For the week, the September Australian dollar lost 1.10 cents. The COT report revealed that leverage funds liquidated 2,092 of their long positions and added 29 to their short positions. As of the latest report, leverage funds are short the Australian dollar by a ratio of 2.41:1, which is a large jump from the previous week of 1.58:1, and slightly above the ratio of two weeks ago of 2.30:1.

Swiss Franc:

For the week, the September Swiss franc loss 2.31 cents.

British Pound:

For the week, the September British pound lost 1.48 cents.

Euro:

For the week, the September euro lost 1.94 cents. The COT report revealed that leverage funds liquidated 16,020 of their long positions and also liquidated 3,354 of their short positions. As of the latest report, leverage funds are short the euro by a ratio of 1.97:1, which is an increase from the previous week of 1.52:1, but down from the ratio two weeks ago of 3.18:1.

Yen:

For the week, the September yen lost 78 pips. The COT report revealed that leverage funds liquidated 25,405 contracts of their long positions and liquidated 2,193 of their short positions.

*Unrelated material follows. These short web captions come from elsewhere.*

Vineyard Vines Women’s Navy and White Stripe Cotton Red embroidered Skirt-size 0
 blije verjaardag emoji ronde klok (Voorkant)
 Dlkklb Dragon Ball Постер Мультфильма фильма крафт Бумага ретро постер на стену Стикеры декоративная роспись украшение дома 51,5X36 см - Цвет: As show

As of the latest report, leverage funds are short the yen by a ratio of 7.00:1, which is a 150% increase from the previous week of 3.01:1, and above the ratio of two weeks ago of 5.93:1.

Dollar index:

For the week, the September dollar index advanced 1.38 points.

For the month of June through June 26, the September British pound is the out performer with a gain of 2.84%, September euro +1.65%, September Canadian dollar +1.05%, September Swiss franc +0.61%, September yen +0.14%, September Australian dollar -0.37%, September dollar index -1.56%.

Thus far in the second quarter, the September British pound is the out performer with a gain of 5.97%, September Swiss franc +4.11%, September euro +3.80%, September Canadian dollar +2.94%, September Australian dollar +0.53%, September dollar index -3.06%, September yen -3.29%.

S&P 500 (250 x):

For the week, the September S&P 500 futures contract lost 2.00 points. The COT report revealed that leverage funds liquidated 6,456 of their long positions also liquidated 10,848 of their short positions. As of the latest report, leverage funds are short the S&P 500 futures contract by a ratio of 1.13:1, which is down from the previous week of 1.51:1 and the ratio two weeks ago of 1.56:1.

S&P 500 E mini: On June 23 the September S&P 500 E mini generated a short-term buy signal, which reversed the June 8 short-term sell signal. The September S&P 500 E mini remains on intermediate-term buy signal.

10 Year Treasury Note:

For the week, the September 10 year note lost 1-18. The COT report revealed that leverage funds added 31,190 contracts to their long positions and liquidated 1,999 of their short positions. As of the latest report, leverage funds are short the 10 year note by a ratio of 1.51:1, which is down from the previous week of 1.69:1, but up from the ratio of two weeks ago of 1.32:1.